Suasana Natal dan Tahun Baru sudah mulai terasa di mana-mana. Ucapan selamat bertebaran, atribut perayaan menghiasi ruang publik, seolah semuanya adalah bagian dari toleransi yang wajib diikuti. Kalau ada yang bersikap kritis, sering kali langsung dicap kaku atau tidak ramah. Di tengah kemeriahan yang serba "wajib" ini, mungkin kita perlu bertanya: sejauh mana penyesuaian diri itu masih bisa disebut netral?

Sebenarnya, Islam dari sananya bukan agama yang anti terhadap hidup berdampingan. Sejarah panjang menunjukkan, umat Islam bisa hidup rukun dengan pemeluk keyakinan lain, dengan prinsip keadilan dan berbuat baik. Tapi, di sisi lain, Islam juga punya batasan yang jelas. Agama ini tidak mengajarkan untuk mengaburkan aqidah hanya demi diterima atau dianggap toleran. Nah, di titik inilah konsep tasyabbuh bil kuffar perlu dipahami. Bukan sebagai alat untuk menghakimi orang lain, tapi lebih sebagai pengingat untuk menjaga identitas keimanan kita sendiri.

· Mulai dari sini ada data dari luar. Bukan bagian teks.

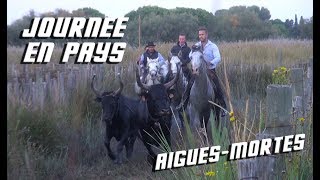 AIGUESMORTES Journée en Pays 06102018 🐂 [upl. by Estes]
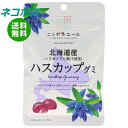ネコポス JA全農 ニッポンエール 北海道ハスカップ グミ 40g×10袋入| 全国送料無料 お菓子 グミ 国産 日本産 全農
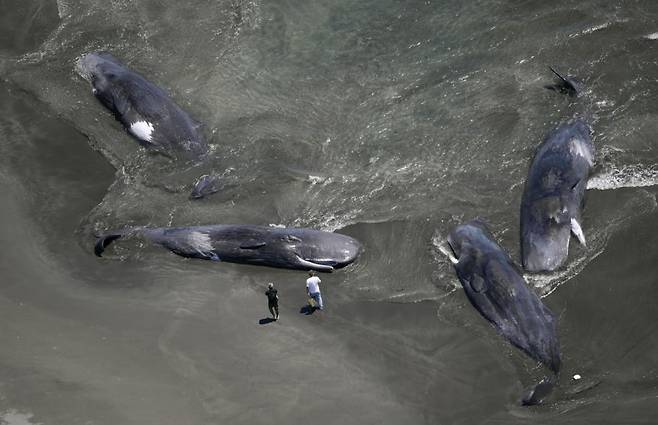 도쿄 교도=연합뉴스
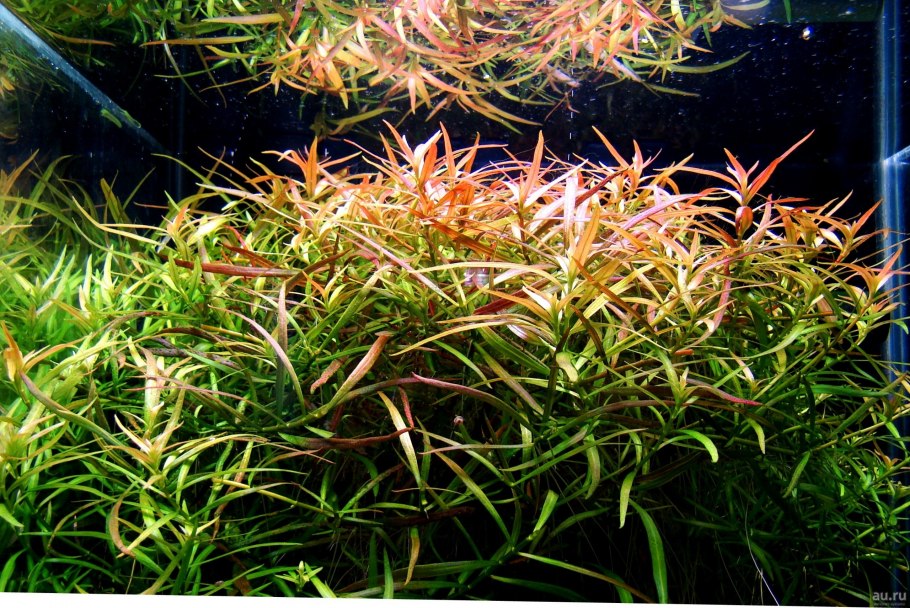 Людвигия Аркуата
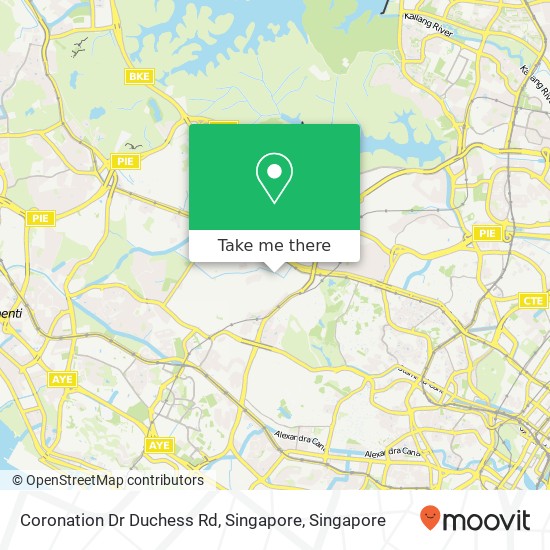 Coronation Dr Duchess Rd, Singapore map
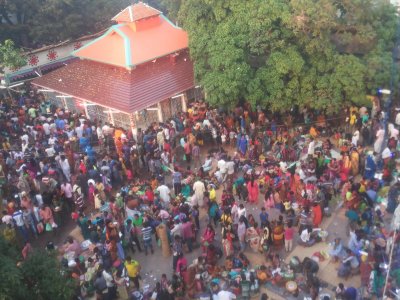 লোকনাথ ব্রহ্মচারীর তিরোধান দিবস উদযাপনে জনসমাগম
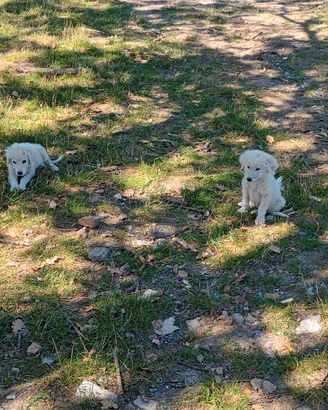 Cuccioli di maremmano con pirenei
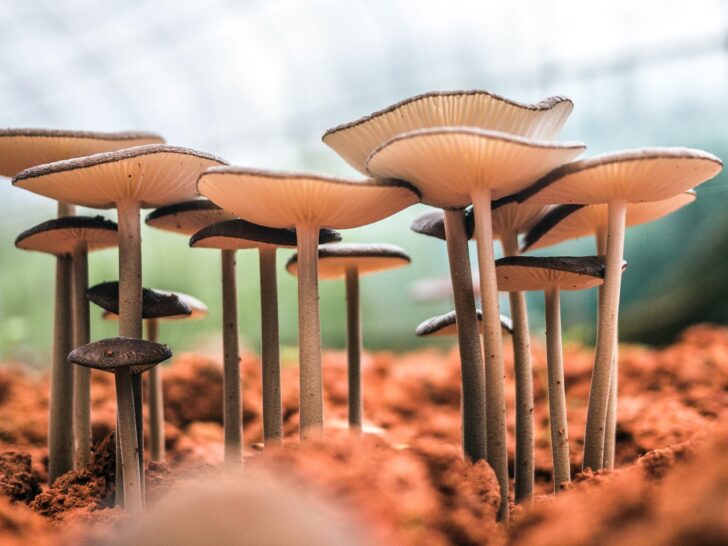 Mushrooms in a cluster growing out of brown soil.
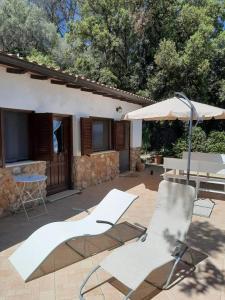 Affitti Brevi Toscana - La Terrazza sulla Spiaggia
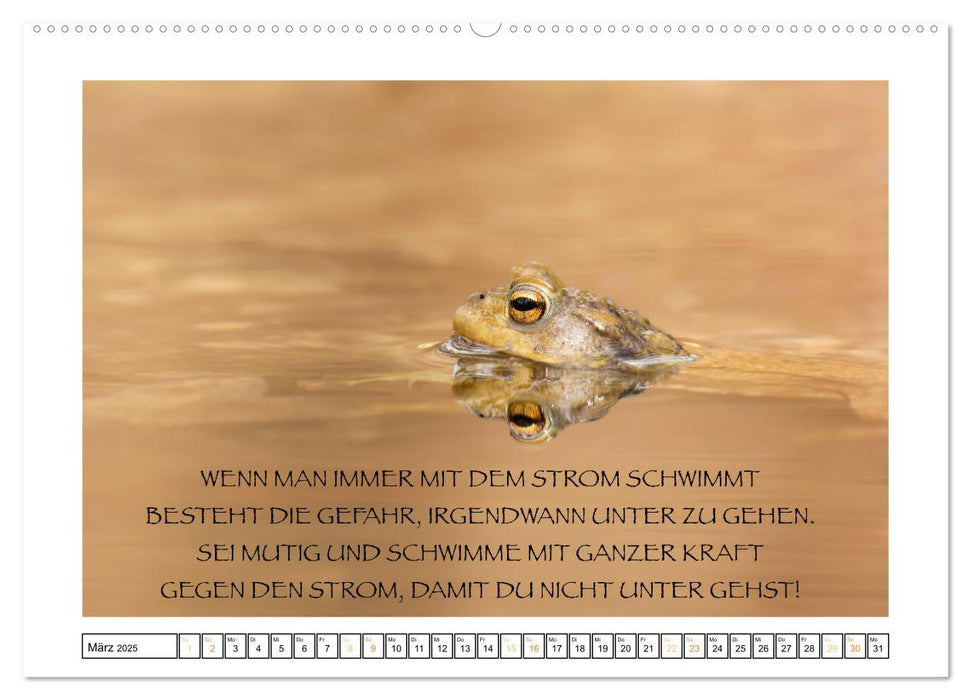 Spruch verliebt (CALVENDO Wandkalender 2025)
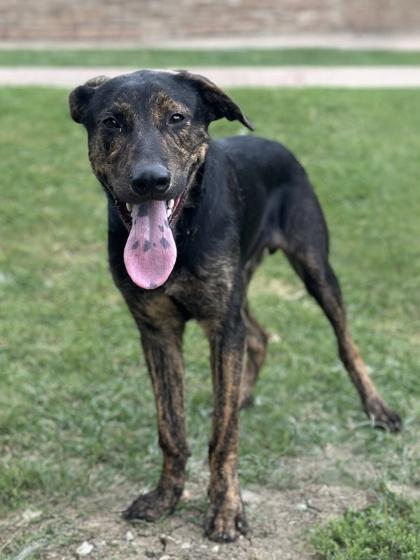 Tigger, Adoptable, Young Male Retriever & Plott Hound.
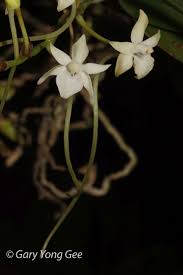 Image result for Rangaeris muscicola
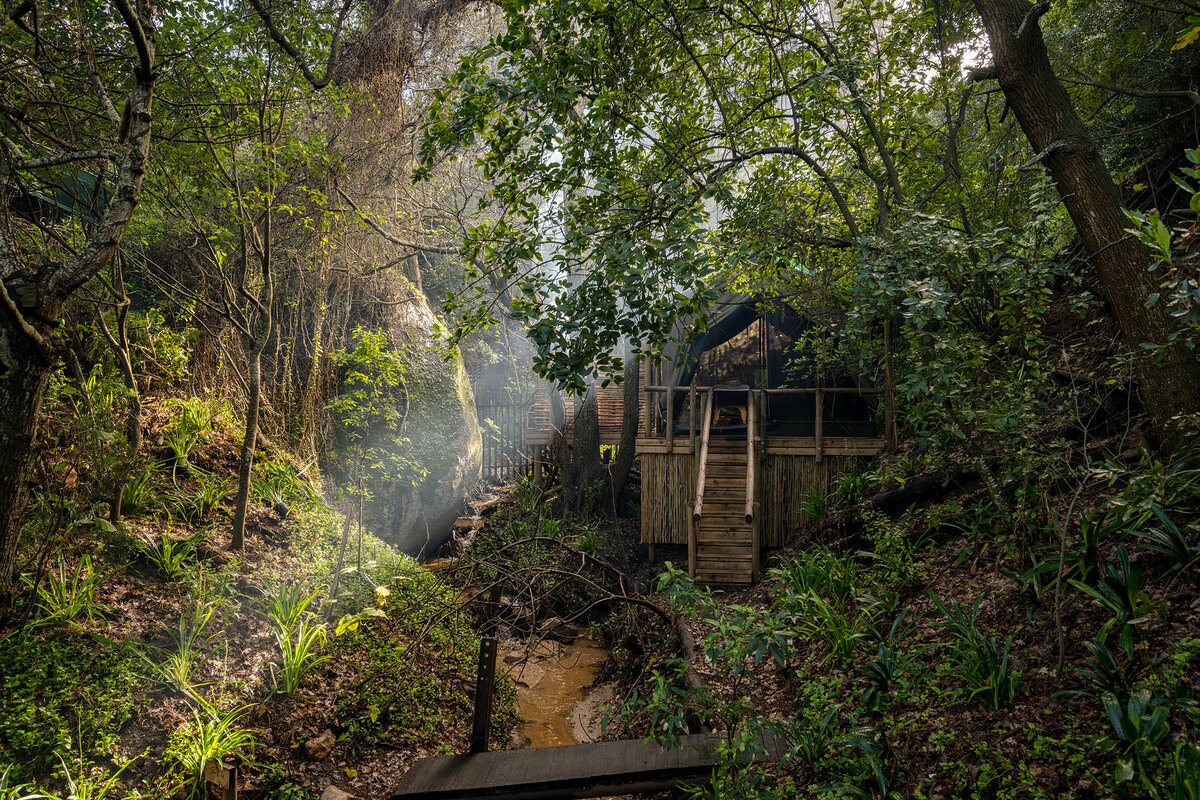 Cedarberg Travel | Camps Bay Retreat Private Nature Reserve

Lalu, apa sih sebenarnya tasyabbuh itu? Ini bukan cuma soal meniru gaya pakaian atau penampilan fisik semata. Lebih dari itu, ia menyangkut ikut serta dalam simbol, ritual, atau ekspresi khas yang menjadi jantung sebuah keyakinan lain. Persoalannya jadi rumit ketika perayaan keagamaan dikemas hanya sebagai "budaya" atau "tradisi" belaka. Batas tipis antara sekadar menghormati dan secara tidak sadar mengafirmasi keyakinan itu, lama-lama bisa kabur.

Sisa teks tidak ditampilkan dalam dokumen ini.